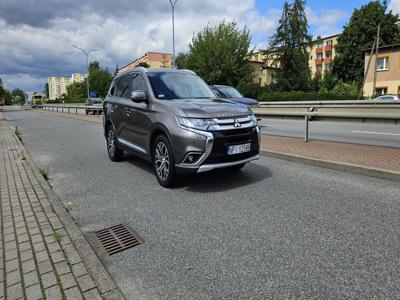 Mitsubishi outlander 4x4 2016r 2,0 benzyna automat 2 właściciel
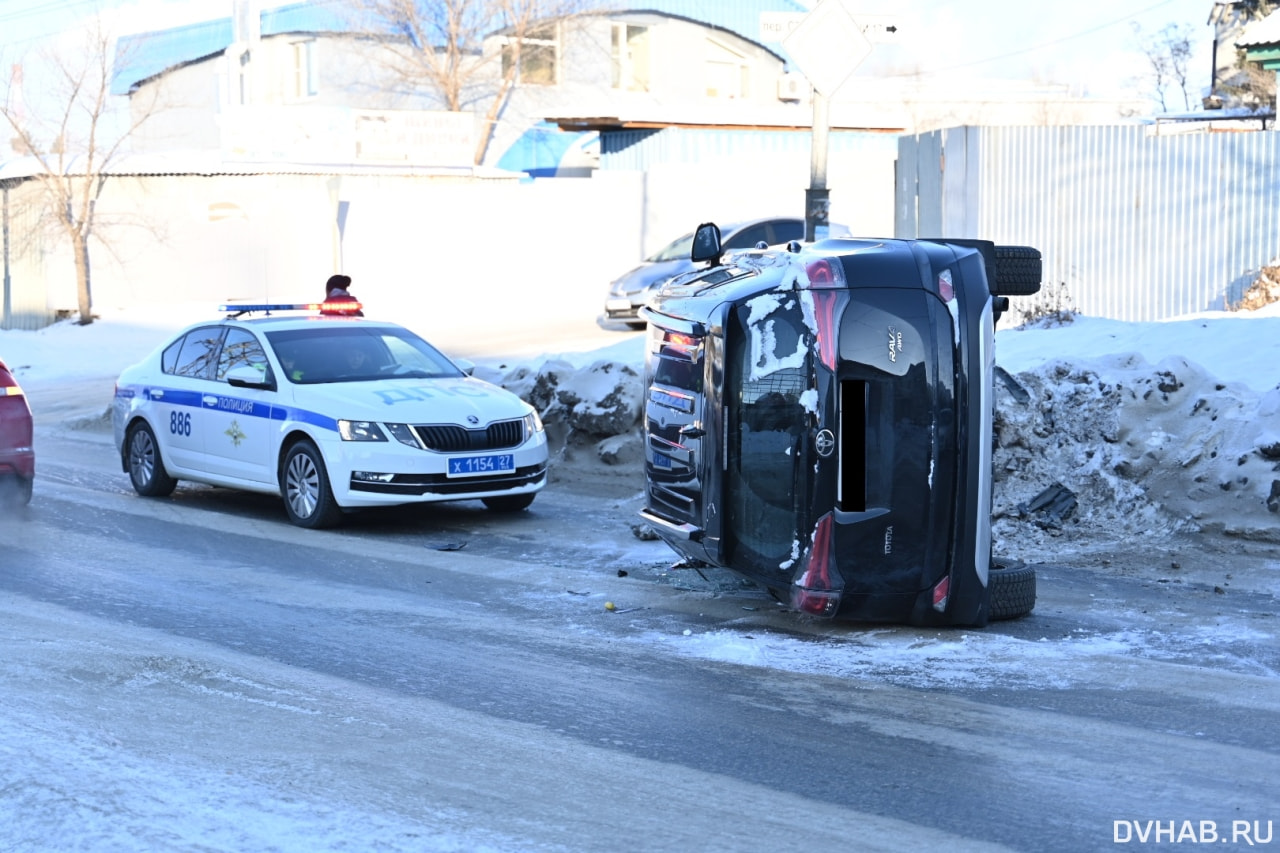 RAV4 перевернулся на Некрасова из-за скользкой дороги (ФОТО) — Новости  Хабаровска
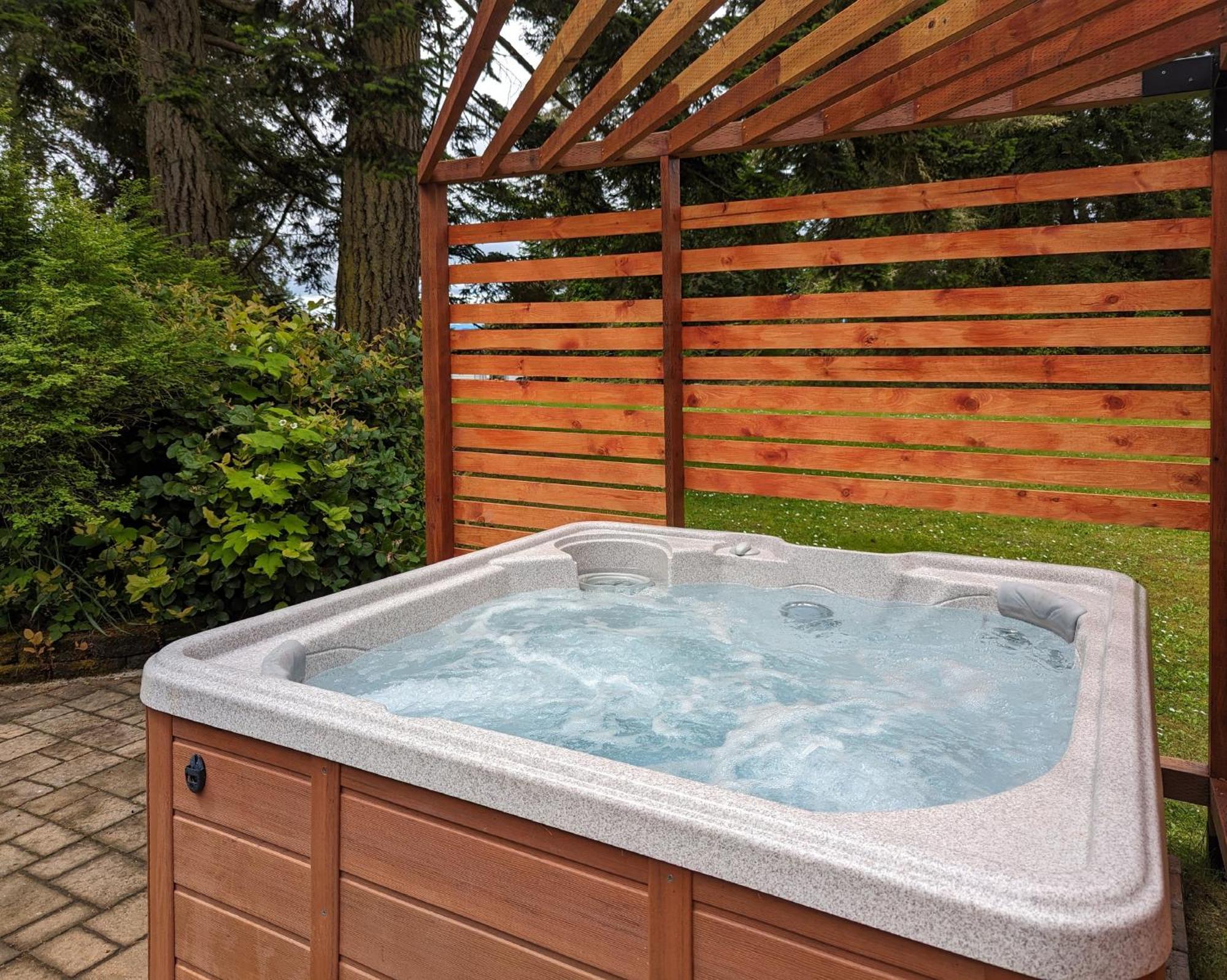 Fox Paws Luxury Cabin - Hot Tub, Fire Pit & Pines! Hansville Buitenkant foto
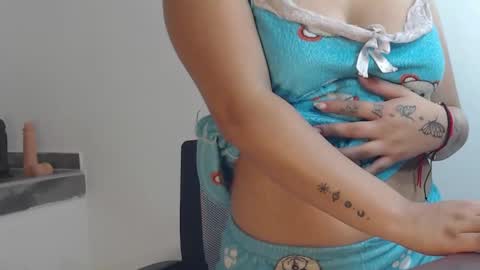 Julieth  online show from December 7, 10:56 am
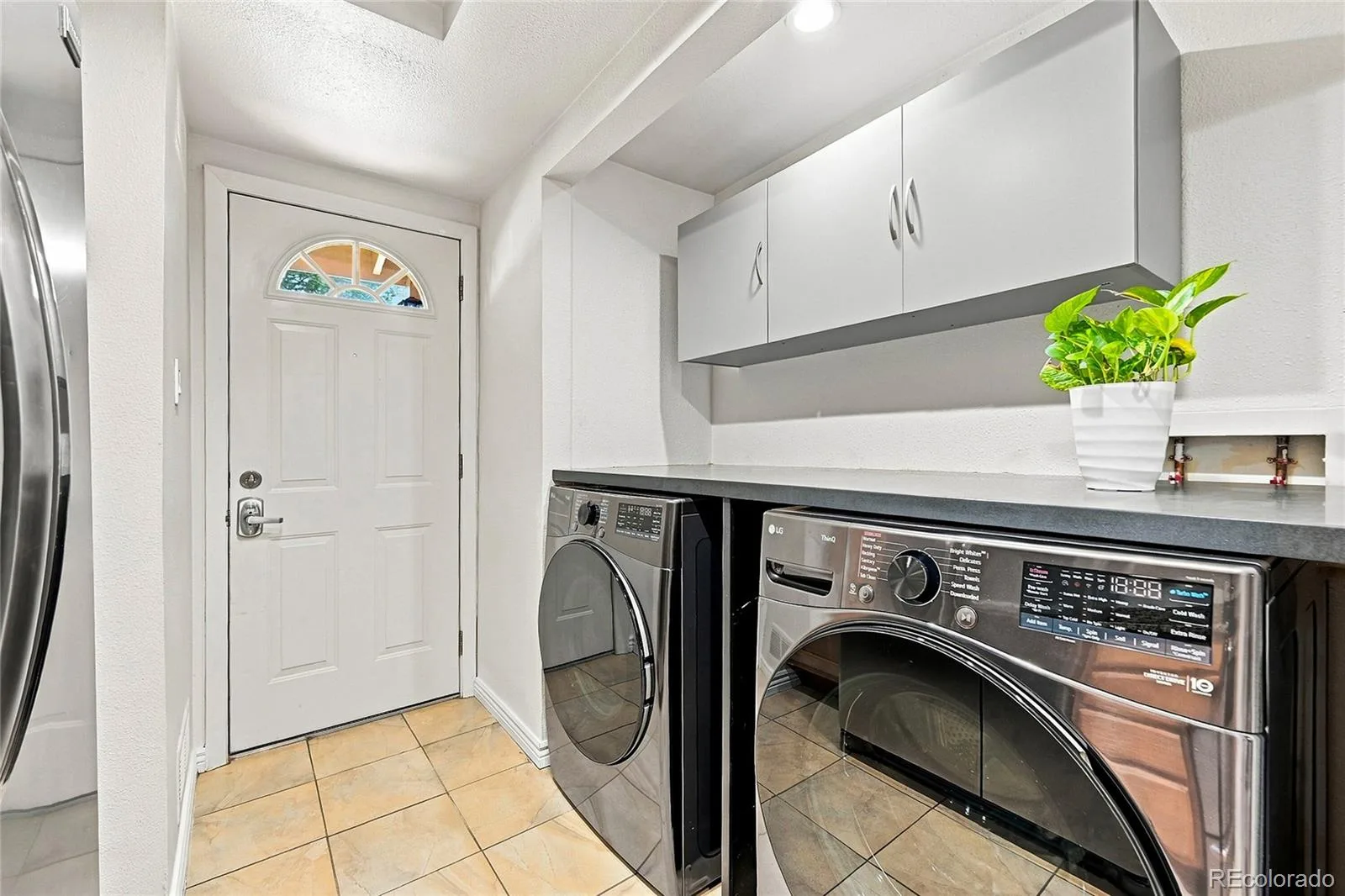 6046 S Willow Way Greenwood Village CO 80111 | MLS #REC2780641 08272026004322 1600 10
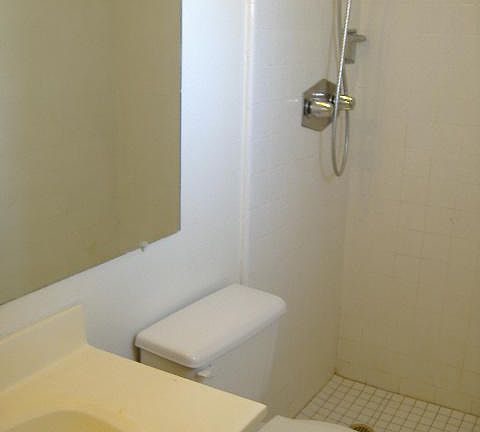 5th image of 1032 E Alameda Dr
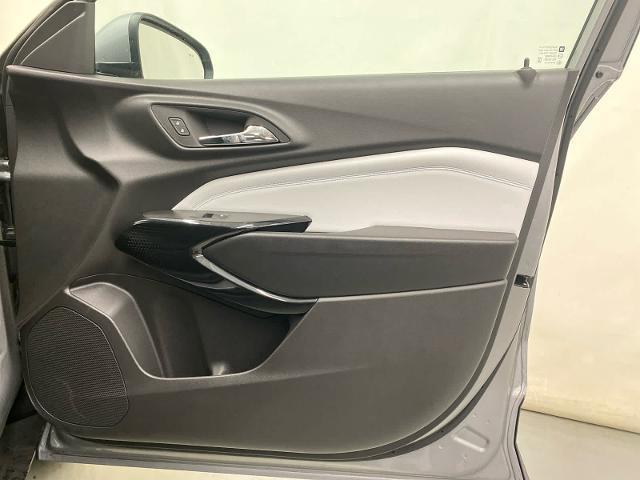 new 2025 Chevrolet Trax car, priced at $24,839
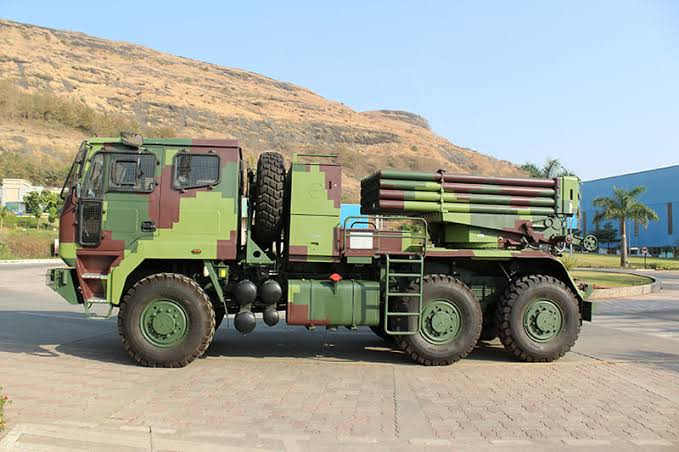 DDIndialive's tweet photo. #IndianArmy is accelerating its indigenisation drive in the #YearofTechAbsorption, achieving major breakthroughs in reducing dependencies on imports. Over 1,050 spares and more than 60 major assemblies of critical foreign-origin weapon systems have already been indigenised, enabling upgrades and enhancing self-reliance. Additionally, 1,035 assemblies and sub-assemblies as well as 3517 spares for existing equipment held have been successfully developed indigenously, marking a significant step toward the national goal of #SelfReliance: @adgpi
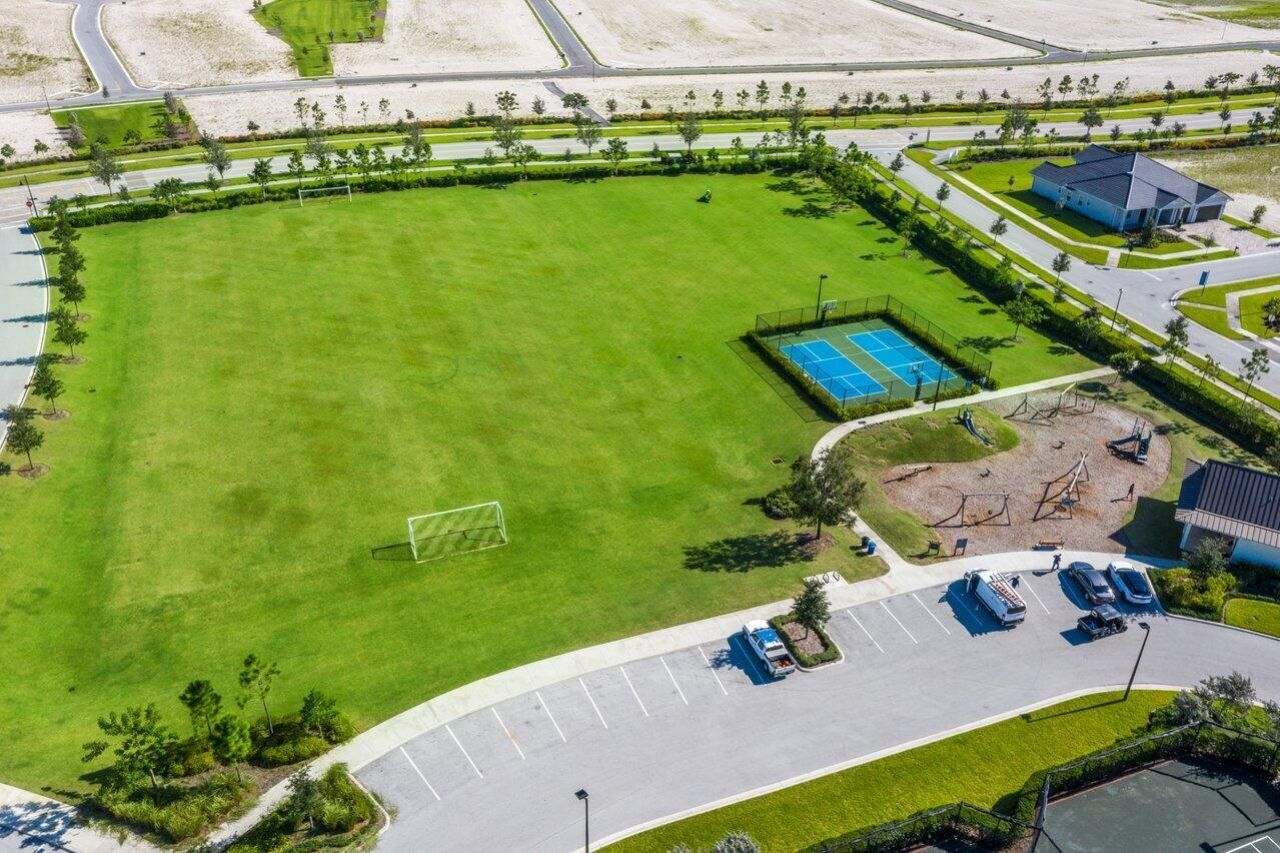 916 Hookline Circle, Loxahatchee, FL 33470 Photo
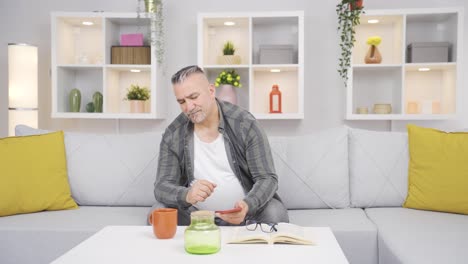 el viejo que recibió malas noticias por teléfono.
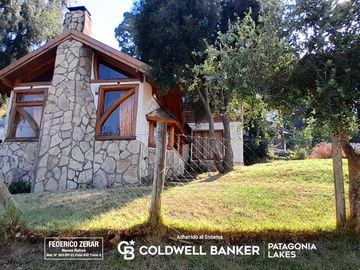Venta Casa en Bariloche km5 Bustillo a 2 cuadras del Lago Nahuel Huapi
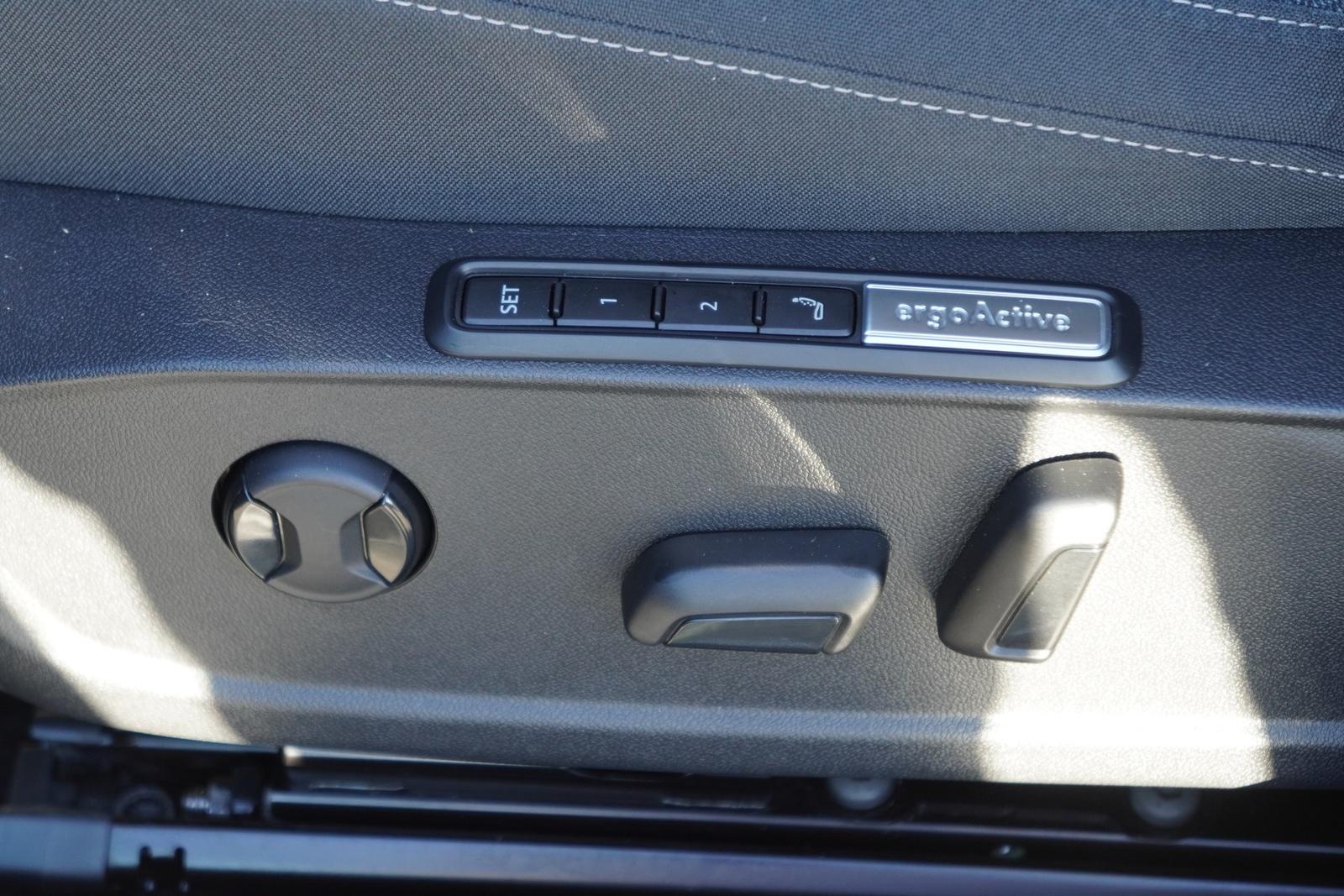 Volkswagen Golf VIII 1.5 16V TSI Life LED ACC App-Connect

◇ ◇ ◇ ◇ ◇ ◇ ◇

» **Task goal**:
Pictures are to be left out; the lines from the start of the records above through the line holding "new 2025 Chevrolet" are to be returned exactly.

» **Task response**:
 Mitsubishi outlander 4x4 2016r 2,0 benzyna automat 2 właściciel
 RAV4 перевернулся на Некрасова из-за скользкой дороги (ФОТО) — Новости  Хабаровска
 Fox Paws Luxury Cabin - Hot Tub, Fire Pit & Pines! Hansville Buitenkant foto
 Julieth  online show from December 7, 10:56 am
 6046 S Willow Way Greenwood Village CO 80111 | MLS #REC2780641 08272026004322 1600 10
 5th image of 1032 E Alameda Dr
 new 2025 Chevrolet Trax car, priced at $24,839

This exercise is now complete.